In December 2013, Roy had been promoted to head a unit specifically created to deal with integrity issues around the game that were raised by a report into CA's codes, policies and practices in this area by the former AFL executive Adrian Anderson. Roy's removal took place a matter of days after the release of an Al Jazeera documentary raising questions about the involvement of Australian players in corrupt activity.
However, the greater question surrounds yet another major change to the organisation amid two concurrent reviews into CA: a wider cultural review being undertaken by The Ethics Centre (which has a CA director, Michelle Tredenick, on its board), and a more focused review chaired by the former Test batsman Rick McCosker tackling the behaviour of the men's national team. Its facilitator, Peter Collins, is a longtime paid consultant of CA.

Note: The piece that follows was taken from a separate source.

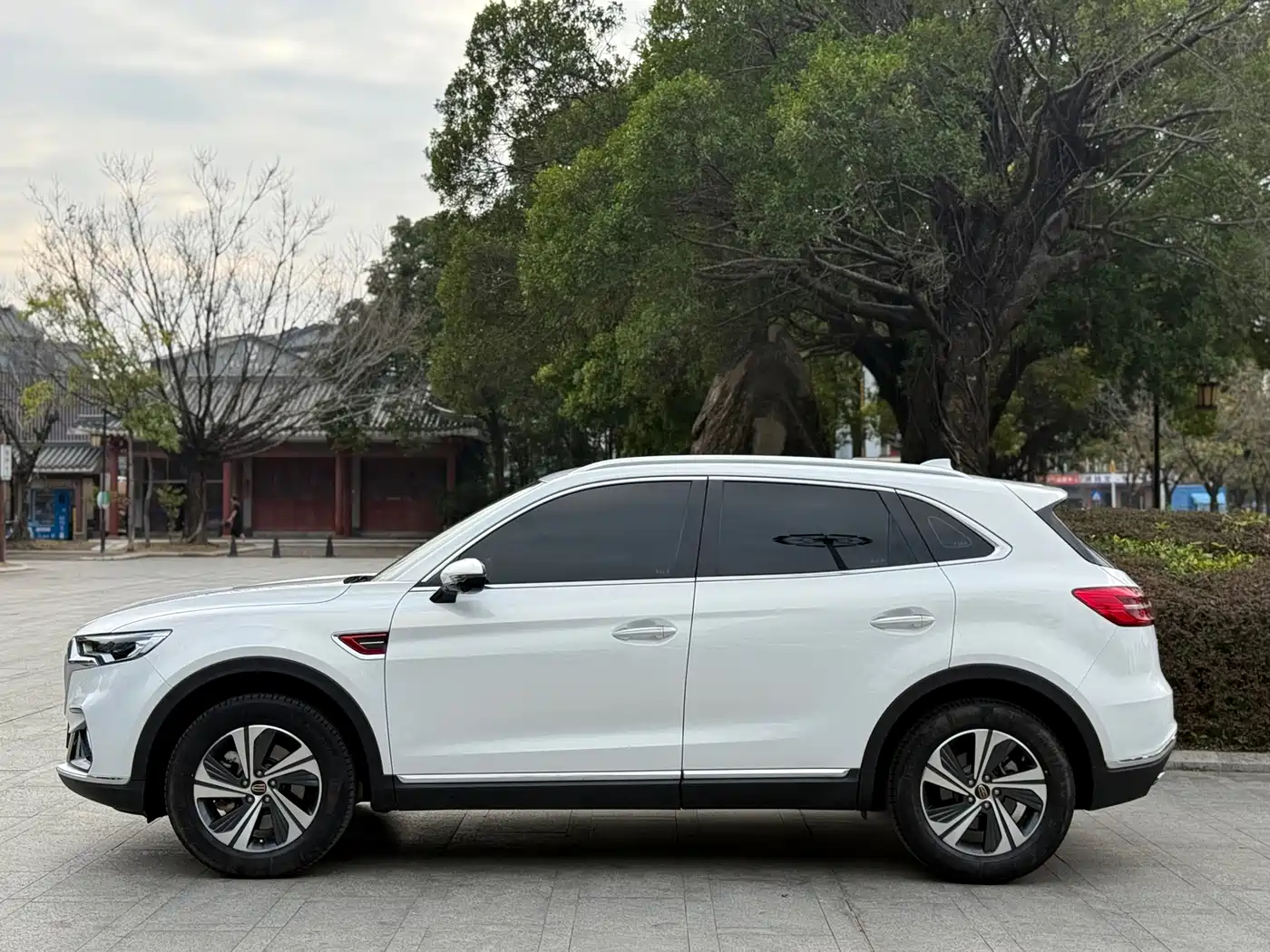 Hongqi HS5 2019 2.0T Smart Connect Enjoy Edition фото 4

Roy's exit, which took place on Tuesday, was a surprise to many at CA, only a week after the former Board director Kevin Roberts was promoted to the post of chief operating officer beneath the chief executive James Sutherland. The position is one that Sutherland had previously baulked at creating, but which now strongly suggests that the chairman David Peever is intent upon installing the ambitious Roberts as Sutherland's eventual replacement.
When the Newlands scandal took place, Sutherland's first action was to send Roy and the team performance manager Pat Howard to Cape Town to conduct a code-of-conduct investigation into the events of the match. The result was Roy's recommendation that the captain Steven Smith and his deputy David Warner be banned for 12 months for conduct contrary to the spirit of the game, and Cameron Bancroft for nine months. Smith and Bancroft were banned from taking any leadership positions in Australian cricket for 12 months, and Warner for life.
Within CA, there had been a level of satisfaction about the fact that the episode had progressed from Bancroft's appearance on the Newlands replay screen to the players' acceptance of heavy sanctions inside two weeks. However there was the administrative wrinkle of the Western Australian Cricket Association having to approve Bancroft for club cricket participation due to its rules being different to those of New South Wales, the state of Smith and Warner.
Even so, Roy's sudden exit adds to a state of instability at CA, as priorities compete between the reviews, a goal to find an extra AUD 20 million in grassroots funding by cutting corners from the administration following last year's failed attempt to remove a fixed-revenue percentage from the MoU with the Australian Cricketers' Association, and the political machinations around the Board, Sutherland and senior management.
Since the reviews were instituted, a swathe of staff have been removed from the recast game development portfolio, the head of marketing has left, while the Board director Bob Every quit well before his term was due to expire after a series of disagreements with Peever. In the meantime, the coach Darren Lehmann was replaced by Justin Langer on a four-year contract. Roy's removal has only added to the appearance of an uncertain picture for the organisation, and lent weight to queries over whether the reviews are of any genuine significance.
All this despite the signing of an AUD 1.18 billion broadcast rights deal with the Fox Sports and Seven networks in April, trumpeted by CA as a landmark deal in its balance between preserving a significant free-to-air presence for the game while also offering up the sort of blanket coverage of the game to be provided by Fox creating a dedicated cricket channel. How its many talking heads will address the sort of upheaval seen at CA in recent weeks remains to be seen.